Solana Foundation President Lily Liu recently declared that blockchains should abandon their consumer ambitions and return to their "original purpose: finance." Her dismissal of gaming and Web3 consumer narratives as "intellectually lazy" sparked immediate debate across an industry already reeling from plunging token prices and fading retail enthusiasm.


But here's the uncomfortable truth: Liu is simultaneously correct about blockchain's current reality and catastrophically narrow in her vision for its future.



The Part She Gets Right


Liu isn't wrong that finance remains blockchain's most defensible moat. Tokenization, 24/7 settlement, and programmable money represent genuinely superior infrastructure compared to legacy rails. Traditional finance moves slowly not because it's stupid, but because it's encumbered by decades of regulatory frameworks, closed systems, and geographic silos.


Blockchain cuts through that like a hot knife through butter when the use case actually requires it.


The problem with the "blockchain for everything" narrative wasn't the ambition. It was the execution. The industry kept treating decentralization as a feature consumers would pay a premium for, rather than infrastructure they'd never think about.

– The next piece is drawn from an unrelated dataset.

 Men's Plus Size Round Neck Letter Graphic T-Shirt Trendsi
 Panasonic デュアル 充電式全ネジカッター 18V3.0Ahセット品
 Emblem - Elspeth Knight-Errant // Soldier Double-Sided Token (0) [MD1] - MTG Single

We built products where the blockchain was the selling point instead of the invisible rails enabling something genuinely better.

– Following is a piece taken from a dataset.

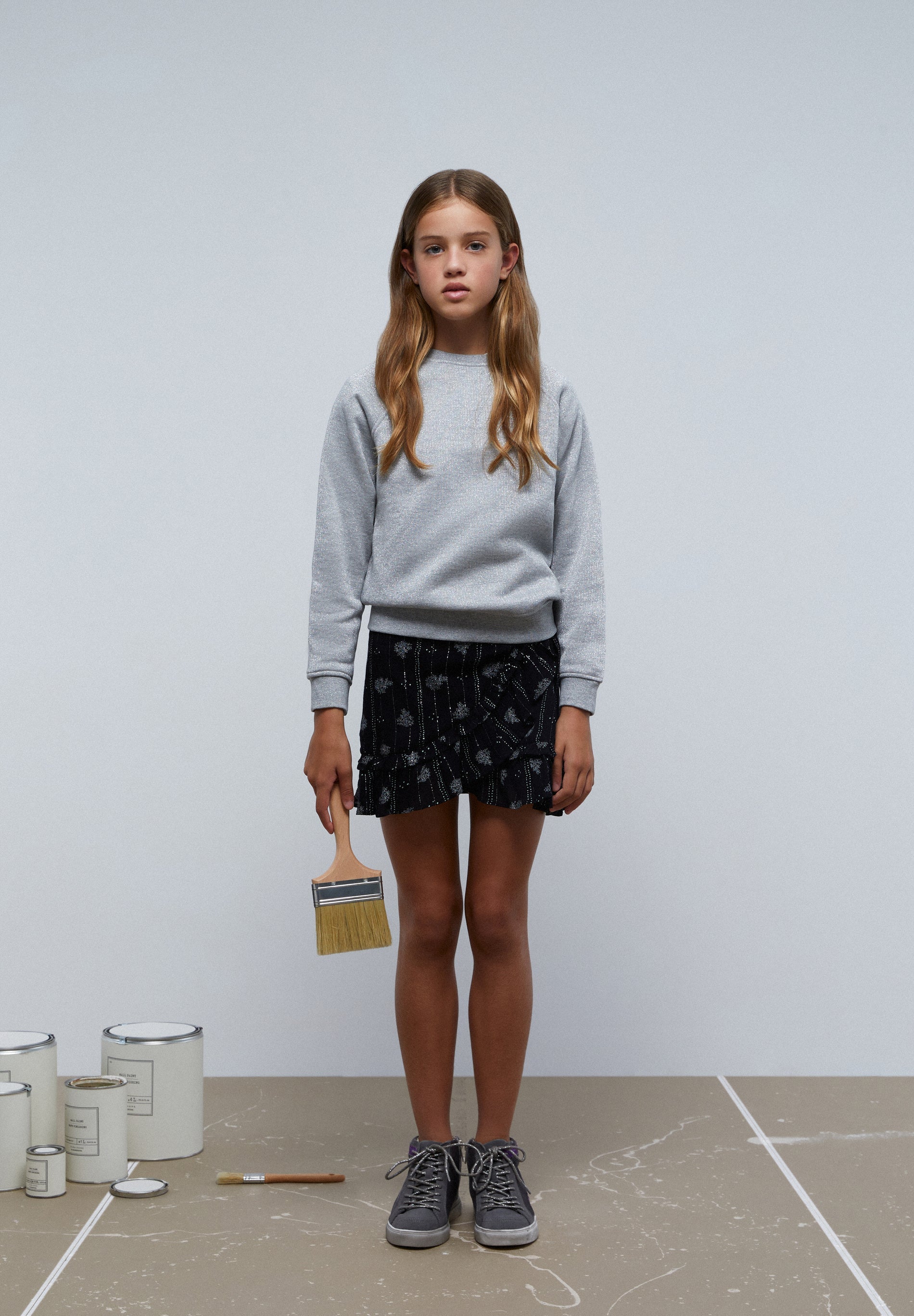 RAGLAN SLEEVE LUREX SWEATSHIRT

Gaming didn't fail because it was the wrong vertical. It failed because teams shipped half-baked experiences and expected players to tolerate wallet friction, gas fees, and convoluted tokenomics just for the privilege of "true ownership." Players don't care about decentralization, they care about fun, fair economies, and actual utility for their digital assets.

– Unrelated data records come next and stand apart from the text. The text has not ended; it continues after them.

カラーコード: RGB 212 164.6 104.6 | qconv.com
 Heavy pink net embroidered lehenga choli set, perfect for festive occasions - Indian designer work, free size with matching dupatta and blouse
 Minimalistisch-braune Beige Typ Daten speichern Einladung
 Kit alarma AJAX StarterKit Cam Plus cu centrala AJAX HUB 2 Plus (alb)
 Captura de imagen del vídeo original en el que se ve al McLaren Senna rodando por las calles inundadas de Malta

Finance works because traders tolerate complexity for profit. That's not vision. That's just knowing your audience will put up with clunky UX if there's money on the table.



Where She's Dangerously Wrong


But here's where Liu's retreat becomes myopic: financialization of everything is the vision. It's just not the version we've built yet.


Every digital asset—from in-game items to social engagement, creative work, and reputation—should be ownable, tradable, and liquid. The mistake wasn't trying to bring blockchain to gaming or consumer applications. The mistake was building extractive tokenomics that enriched founders and VCs while creating zero genuine value for users.


When you can truly own your digital identity across platforms, trade gaming assets in open markets, and capture value from your creative output without platform rent-seeking, that is revolutionary. We just haven't built the infrastructure properly yet.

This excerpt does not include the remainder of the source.